Un lobo que habla en latín persigue a un gigante extra, extra, extra large, de nombre Teo, que a los 20 años ya medía 2,26 metros y pesaba 129 kilos. La escena podría estar incluida en alguna de las fábulas clásicas de Esopo y Fedro, en las medievales de Marie de France o en las modernas de La Fontaine, Iriarte y Samaniego. Y sin embargo, curiosamente transcurre en un bosque de Río Negro en la década del ’80, y el lobo no es feroz sino simplemente un mensajero que lanza vaticinios y advertencias. El gigante, que no sabe si reír o llorar cuando escucha que el animal cita a Plauto, se trepa a la rama de un árbol. “¿Le temes a un lobo más que a tu gente? No hay especie más dañina que la tuya en este mundo. Ya lo dijo Hobbes: el hombre es el lobo del hombre.” Para completar la puesta, Teo en esa insólita circunstancia conoce a la bellísima Pat. Ella, al principio, no le cree que lo esté acosando un lobo que habla. Después, cuando ve las huellas, cambia de parecer y engatusa al gigante, claro, y al lector hasta no poder abandonar lo que sigue. “Tan grandote y tan boludo”, le reprocha la mujer a ese hombre desproporcionado que tiene que habitar en un cruel y mezquino mundo extra small. Extraña, fantástica, frescamente desconcertante resulta la nueva novela del escritor y guionista Marcelo Figueras. En La batalla del calentamiento (Alfaguara), el escritor se anima a experimentar y mezclar en una misma historia la fábula, lo fantástico, la épica, el road movie, el realismo, el policial, la aventura, el drama, citas célebres en latín, palabras procaces e insultos, comedia, parodia, todo en un mismo libro cuyo imán, sin duda, es una niña fascinante, Miranda, que tiene poderes especiales.

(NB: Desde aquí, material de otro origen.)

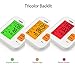 Blood Pressure Monitor Upper Arm Tricolor Backlit, OMK Automatic BP Monitor with Cuff 8.7-15.7in, 2x120 Memories, Irregular Heartbeat Detection, Accurate and Easy to Use, FDA & CE Approved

“Creo porque es absurdo”: con esta frase, San Agustín defendía su fe, y Figueras podría decir lo mismo sobre el viraje de su escritura y que ya estaba germinando en Kamchatka, su anterior novela. La batalla..., título inspirado en el primer verso de una antigua canción infantil, sucede en la Patagonia, en un pueblo imaginario, Santa Brígida, gobernado por un desopilante intendente, Farfi, que dada su extravagancia neurológica –próxima a la bipolaridad– sólo participaba de los actos públicos entre lunes y jueves, cuando estaba medicado. Y los vecinos que completan este mosaico de personajes, más raros aún, son la avinagrada señora Pachelbel, el doctor Dirigibus, el señor Puro Cava y el tímido albañil David Caleufú, hijo y nieto de mapuches, entre otros. La permanente huida de la misteriosa Pat con su hija Miranda y el gigante Teo –que poco a poco irá descubrimiento detalles que le permitirán reconstruir los motivos por los cuales se escapa Pat– desplaza la historia hacia otros sitios, como Monte Abrasado, pueblo imaginario de Santiago del Estero.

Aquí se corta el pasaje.